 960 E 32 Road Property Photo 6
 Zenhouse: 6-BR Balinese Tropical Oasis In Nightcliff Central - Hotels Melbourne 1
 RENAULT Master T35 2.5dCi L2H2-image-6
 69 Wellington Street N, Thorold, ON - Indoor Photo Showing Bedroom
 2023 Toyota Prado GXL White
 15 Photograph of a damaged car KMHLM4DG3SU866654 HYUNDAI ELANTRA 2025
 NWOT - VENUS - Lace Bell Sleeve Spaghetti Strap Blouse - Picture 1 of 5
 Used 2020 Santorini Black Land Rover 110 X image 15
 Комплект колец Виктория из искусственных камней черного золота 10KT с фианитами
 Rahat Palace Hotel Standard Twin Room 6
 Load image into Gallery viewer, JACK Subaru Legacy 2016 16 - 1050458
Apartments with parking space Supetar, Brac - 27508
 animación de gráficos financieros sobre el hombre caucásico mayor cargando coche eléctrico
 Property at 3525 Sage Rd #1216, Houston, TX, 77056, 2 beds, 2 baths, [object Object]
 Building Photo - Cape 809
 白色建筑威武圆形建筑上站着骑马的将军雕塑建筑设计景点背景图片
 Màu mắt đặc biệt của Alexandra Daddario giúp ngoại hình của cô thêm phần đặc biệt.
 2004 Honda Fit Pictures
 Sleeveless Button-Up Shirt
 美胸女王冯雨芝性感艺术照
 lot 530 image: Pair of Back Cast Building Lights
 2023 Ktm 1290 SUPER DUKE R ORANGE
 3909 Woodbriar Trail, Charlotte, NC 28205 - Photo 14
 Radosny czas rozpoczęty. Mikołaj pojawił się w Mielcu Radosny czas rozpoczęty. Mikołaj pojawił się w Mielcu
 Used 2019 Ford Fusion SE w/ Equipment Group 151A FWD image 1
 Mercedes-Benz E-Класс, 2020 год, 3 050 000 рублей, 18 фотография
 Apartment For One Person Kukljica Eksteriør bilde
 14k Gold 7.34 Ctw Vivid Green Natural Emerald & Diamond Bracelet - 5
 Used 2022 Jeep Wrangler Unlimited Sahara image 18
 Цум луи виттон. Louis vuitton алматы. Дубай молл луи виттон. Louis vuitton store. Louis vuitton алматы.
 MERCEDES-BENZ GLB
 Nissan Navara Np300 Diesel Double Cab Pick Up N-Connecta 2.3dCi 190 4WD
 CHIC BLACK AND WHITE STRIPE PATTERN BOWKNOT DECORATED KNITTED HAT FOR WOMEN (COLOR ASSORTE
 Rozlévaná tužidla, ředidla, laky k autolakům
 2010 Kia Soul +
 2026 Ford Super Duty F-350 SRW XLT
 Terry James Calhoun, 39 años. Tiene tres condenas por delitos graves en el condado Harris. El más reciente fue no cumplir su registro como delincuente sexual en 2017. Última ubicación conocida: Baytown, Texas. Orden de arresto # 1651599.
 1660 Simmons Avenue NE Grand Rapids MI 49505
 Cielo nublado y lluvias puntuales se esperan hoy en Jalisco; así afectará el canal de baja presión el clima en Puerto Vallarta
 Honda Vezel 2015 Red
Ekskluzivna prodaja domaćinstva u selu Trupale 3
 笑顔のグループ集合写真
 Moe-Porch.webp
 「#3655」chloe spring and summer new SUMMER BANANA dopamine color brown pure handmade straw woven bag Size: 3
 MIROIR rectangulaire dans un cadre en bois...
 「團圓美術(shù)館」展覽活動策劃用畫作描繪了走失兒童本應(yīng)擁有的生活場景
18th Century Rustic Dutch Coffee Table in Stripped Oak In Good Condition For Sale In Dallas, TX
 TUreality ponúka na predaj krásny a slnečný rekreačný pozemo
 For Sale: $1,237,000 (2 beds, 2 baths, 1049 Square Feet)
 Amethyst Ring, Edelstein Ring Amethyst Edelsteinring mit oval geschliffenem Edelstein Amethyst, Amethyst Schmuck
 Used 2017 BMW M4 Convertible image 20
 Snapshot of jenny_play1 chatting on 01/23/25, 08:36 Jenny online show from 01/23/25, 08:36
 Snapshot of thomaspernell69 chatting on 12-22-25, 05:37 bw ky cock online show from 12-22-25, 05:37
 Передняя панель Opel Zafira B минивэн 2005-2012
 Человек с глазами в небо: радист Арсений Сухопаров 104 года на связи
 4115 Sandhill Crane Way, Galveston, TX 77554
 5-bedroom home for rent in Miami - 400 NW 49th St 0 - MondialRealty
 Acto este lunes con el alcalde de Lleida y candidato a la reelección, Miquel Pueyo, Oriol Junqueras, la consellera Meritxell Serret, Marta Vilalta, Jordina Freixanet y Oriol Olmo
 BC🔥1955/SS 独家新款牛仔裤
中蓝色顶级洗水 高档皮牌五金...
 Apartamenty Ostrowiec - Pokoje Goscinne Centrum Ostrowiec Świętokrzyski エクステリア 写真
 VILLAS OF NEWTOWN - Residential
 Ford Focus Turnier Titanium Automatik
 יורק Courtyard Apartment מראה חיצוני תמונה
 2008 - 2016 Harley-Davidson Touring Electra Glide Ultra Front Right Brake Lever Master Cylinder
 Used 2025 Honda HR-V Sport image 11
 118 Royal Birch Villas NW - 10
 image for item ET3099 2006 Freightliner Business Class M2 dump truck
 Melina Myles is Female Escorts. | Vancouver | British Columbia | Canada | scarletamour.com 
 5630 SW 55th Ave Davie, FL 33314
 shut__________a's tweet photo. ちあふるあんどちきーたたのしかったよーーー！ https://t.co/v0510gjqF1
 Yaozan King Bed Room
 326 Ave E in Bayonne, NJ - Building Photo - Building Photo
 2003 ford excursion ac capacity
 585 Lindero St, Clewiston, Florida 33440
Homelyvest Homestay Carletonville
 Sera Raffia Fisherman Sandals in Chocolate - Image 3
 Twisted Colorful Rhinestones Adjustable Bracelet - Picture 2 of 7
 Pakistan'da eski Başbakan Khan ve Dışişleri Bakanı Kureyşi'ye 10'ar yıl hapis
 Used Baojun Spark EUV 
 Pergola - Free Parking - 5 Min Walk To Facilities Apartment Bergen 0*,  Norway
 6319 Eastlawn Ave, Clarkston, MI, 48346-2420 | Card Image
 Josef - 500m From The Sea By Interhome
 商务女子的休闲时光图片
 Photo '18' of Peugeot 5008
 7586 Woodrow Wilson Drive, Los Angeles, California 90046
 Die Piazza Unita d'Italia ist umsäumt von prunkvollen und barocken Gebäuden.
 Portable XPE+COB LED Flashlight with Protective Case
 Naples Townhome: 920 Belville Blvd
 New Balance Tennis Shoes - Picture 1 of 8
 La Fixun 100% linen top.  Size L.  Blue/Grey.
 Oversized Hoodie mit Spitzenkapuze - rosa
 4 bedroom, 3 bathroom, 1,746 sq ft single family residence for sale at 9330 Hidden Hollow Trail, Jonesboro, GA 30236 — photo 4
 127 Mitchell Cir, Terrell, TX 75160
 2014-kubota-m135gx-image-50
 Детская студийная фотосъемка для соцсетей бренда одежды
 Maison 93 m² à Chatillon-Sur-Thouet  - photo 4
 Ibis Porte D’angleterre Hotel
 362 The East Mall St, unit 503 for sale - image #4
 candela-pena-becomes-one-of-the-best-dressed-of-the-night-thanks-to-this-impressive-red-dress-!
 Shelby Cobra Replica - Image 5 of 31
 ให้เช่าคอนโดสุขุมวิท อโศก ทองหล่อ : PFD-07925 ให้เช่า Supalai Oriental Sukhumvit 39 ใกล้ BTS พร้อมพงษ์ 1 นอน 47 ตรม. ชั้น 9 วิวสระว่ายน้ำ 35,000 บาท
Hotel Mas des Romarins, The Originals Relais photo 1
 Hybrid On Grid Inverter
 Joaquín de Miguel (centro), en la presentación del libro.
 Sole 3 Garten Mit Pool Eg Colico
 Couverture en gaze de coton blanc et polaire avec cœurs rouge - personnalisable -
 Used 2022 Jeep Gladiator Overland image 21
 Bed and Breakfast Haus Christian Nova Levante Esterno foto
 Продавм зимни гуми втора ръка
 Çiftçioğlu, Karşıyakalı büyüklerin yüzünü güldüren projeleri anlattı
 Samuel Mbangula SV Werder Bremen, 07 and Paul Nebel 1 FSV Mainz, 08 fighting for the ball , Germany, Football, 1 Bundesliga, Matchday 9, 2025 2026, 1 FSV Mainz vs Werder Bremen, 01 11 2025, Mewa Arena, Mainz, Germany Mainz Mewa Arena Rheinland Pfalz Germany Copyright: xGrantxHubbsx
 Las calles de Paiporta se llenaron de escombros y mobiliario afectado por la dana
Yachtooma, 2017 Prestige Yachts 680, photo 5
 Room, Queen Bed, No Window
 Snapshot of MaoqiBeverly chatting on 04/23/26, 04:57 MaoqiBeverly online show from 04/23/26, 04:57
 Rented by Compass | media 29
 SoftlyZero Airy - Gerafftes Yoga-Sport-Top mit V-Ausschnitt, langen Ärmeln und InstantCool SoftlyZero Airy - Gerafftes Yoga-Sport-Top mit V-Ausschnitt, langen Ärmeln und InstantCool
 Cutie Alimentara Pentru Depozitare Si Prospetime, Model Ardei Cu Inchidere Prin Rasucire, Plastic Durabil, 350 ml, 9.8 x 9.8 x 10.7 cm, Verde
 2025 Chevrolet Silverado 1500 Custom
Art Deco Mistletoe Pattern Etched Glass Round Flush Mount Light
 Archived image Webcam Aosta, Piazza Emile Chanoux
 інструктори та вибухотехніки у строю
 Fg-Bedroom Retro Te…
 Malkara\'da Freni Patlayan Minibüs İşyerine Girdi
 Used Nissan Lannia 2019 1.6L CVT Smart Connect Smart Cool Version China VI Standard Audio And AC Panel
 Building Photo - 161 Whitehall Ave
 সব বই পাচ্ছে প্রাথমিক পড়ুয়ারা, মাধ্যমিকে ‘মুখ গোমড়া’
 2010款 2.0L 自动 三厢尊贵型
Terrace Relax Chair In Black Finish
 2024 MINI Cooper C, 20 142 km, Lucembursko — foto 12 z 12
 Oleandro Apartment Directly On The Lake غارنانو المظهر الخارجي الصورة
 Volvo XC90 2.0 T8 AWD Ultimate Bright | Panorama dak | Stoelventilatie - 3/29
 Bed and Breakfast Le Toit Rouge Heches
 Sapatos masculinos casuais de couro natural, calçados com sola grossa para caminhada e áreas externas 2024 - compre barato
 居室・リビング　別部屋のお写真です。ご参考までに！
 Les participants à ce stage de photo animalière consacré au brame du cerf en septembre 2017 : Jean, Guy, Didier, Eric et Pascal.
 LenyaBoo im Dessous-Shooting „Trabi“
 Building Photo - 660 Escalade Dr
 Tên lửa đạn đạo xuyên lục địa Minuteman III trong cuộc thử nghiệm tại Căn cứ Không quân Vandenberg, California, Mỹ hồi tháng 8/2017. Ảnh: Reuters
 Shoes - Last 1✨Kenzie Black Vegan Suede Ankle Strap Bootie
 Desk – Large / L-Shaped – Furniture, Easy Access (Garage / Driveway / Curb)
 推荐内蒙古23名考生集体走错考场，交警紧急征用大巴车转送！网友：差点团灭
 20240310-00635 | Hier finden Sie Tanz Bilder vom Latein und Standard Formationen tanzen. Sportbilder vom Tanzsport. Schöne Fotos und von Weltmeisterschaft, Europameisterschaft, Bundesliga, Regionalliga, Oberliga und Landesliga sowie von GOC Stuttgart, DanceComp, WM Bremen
⁂
### PROBLEM DESCRIPTION
Reproduce word for word the material above, starting with the line that has "Used 2022 Jeep Wrangler" and stopping after the line that has "MIROIR rectangulaire dans".

### RESPONSE TO THIS EXERCISE
 Used 2022 Jeep Wrangler Unlimited Sahara image 18
 Цум луи виттон. Louis vuitton алматы. Дубай молл луи виттон. Louis vuitton store. Louis vuitton алматы.
 MERCEDES-BENZ GLB
 Nissan Navara Np300 Diesel Double Cab Pick Up N-Connecta 2.3dCi 190 4WD
 CHIC BLACK AND WHITE STRIPE PATTERN BOWKNOT DECORATED KNITTED HAT FOR WOMEN (COLOR ASSORTE
 Rozlévaná tužidla, ředidla, laky k autolakům
 2010 Kia Soul +
 2026 Ford Super Duty F-350 SRW XLT
 Terry James Calhoun, 39 años. Tiene tres condenas por delitos graves en el condado Harris. El más reciente fue no cumplir su registro como delincuente sexual en 2017. Última ubicación conocida: Baytown, Texas. Orden de arresto # 1651599.
 1660 Simmons Avenue NE Grand Rapids MI 49505
 Cielo nublado y lluvias puntuales se esperan hoy en Jalisco; así afectará el canal de baja presión el clima en Puerto Vallarta
 Honda Vezel 2015 Red
Ekskluzivna prodaja domaćinstva u selu Trupale 3
 笑顔のグループ集合写真
 Moe-Porch.webp
 「#3655」chloe spring and summer new SUMMER BANANA dopamine color brown pure handmade straw woven bag Size: 3
 MIROIR rectangulaire dans un cadre en bois...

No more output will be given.